This statement relates to the Class A common stock, par value $0.001
per share (the “Class A Common Stock”), of Weber Inc., a Delaware corporation (the “Issuer”). The
principal executive offices of the Issuer are located at 1415 S. Roselle Road, Palatine, Illinois 60067.
This Amendment No. 1 (“Amendment No. 1”) amends
and supplements the Schedule 13D filed by the Reporting Persons on August 19, 2021 (the “Schedule 13D”). Except as
specifically provided herein, this Amendment No. 1 does not modify any of the information previously reported on the Schedule 13D.

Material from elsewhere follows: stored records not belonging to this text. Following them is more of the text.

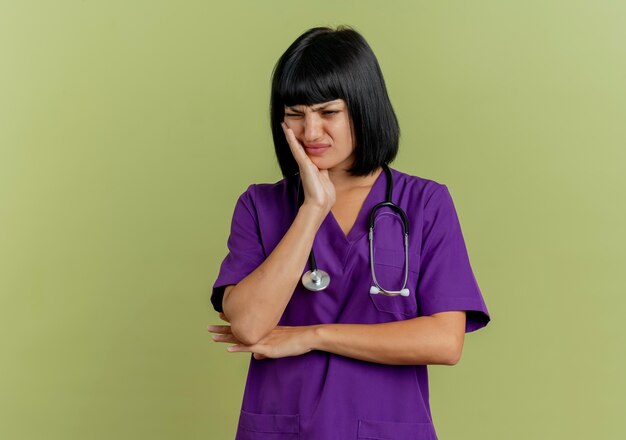 Dolorante giovane donna bruna medico in uniforme con lo stetoscopio mette la mano sul viso isolato su sfondo verde oliva con lo spazio della copia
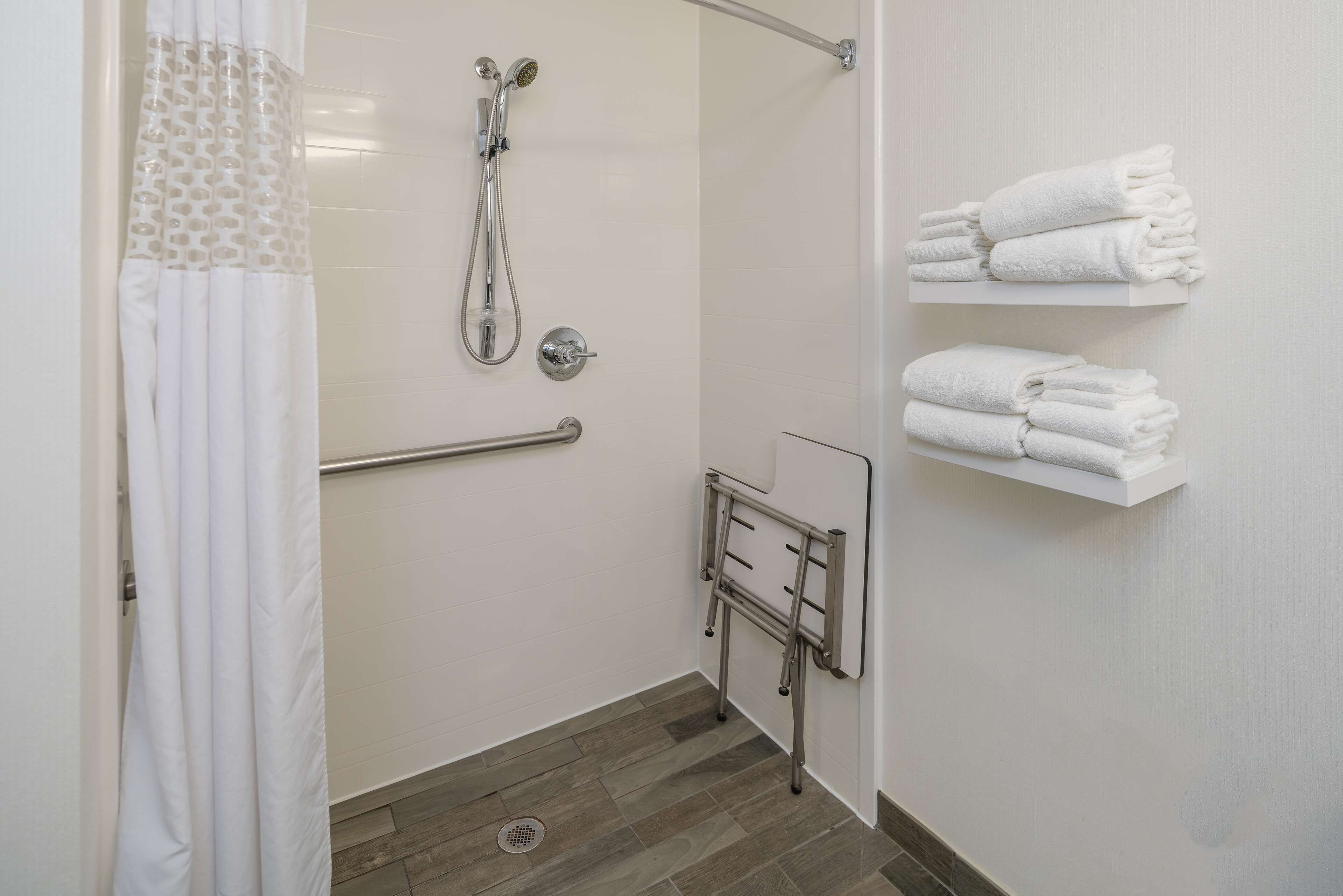 A modern bathroom with a shower, grab bars, and white towel storage.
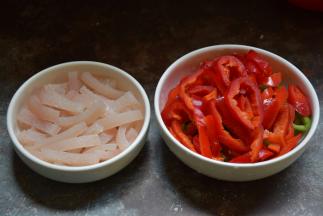 夹好猪毛的猪皮切成长条，青红椒切圈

Capitalized terms used but not otherwise defined in this Amendment No. 1 shall have the meanings ascribed to them in the Schedule
13D.
Item 3. Source and Amount of Funds or Other Consideration.
On August 9, 2021, in connection with the Issuer’s initial public
offering, the Issuer entered into a series of transactions to implement an internal reorganization (the “Reorganization Transactions”).
The Common Stock received by the Reporting Persons in connection with the Reorganization Transactions was registered with the Commission
pursuant to the Issuer’s Registration Statement on Form S-1 (File No. 333-257824),
as amended, which is incorporated herein by reference.
As a result of the Reorganization Transactions, the Reporting Persons
received the following: (i) Investor received 154,283,166 shares of Class B common stock, par value $0.00001 per share (the “Class
B Common Stock”), of the Issuer (the “Investor Reorganization Shares”), (ii) Holdings received 25,811,687
shares of Class A Common Stock (the “Holdings Reorganization Shares”), and (iii) Mr. Trott, together with Ms. Trott,
received 2,236,875 shares of Class A Common Stock and 12,281,255 shares of Class B Common Stock (the “Trott Reorganization Shares”).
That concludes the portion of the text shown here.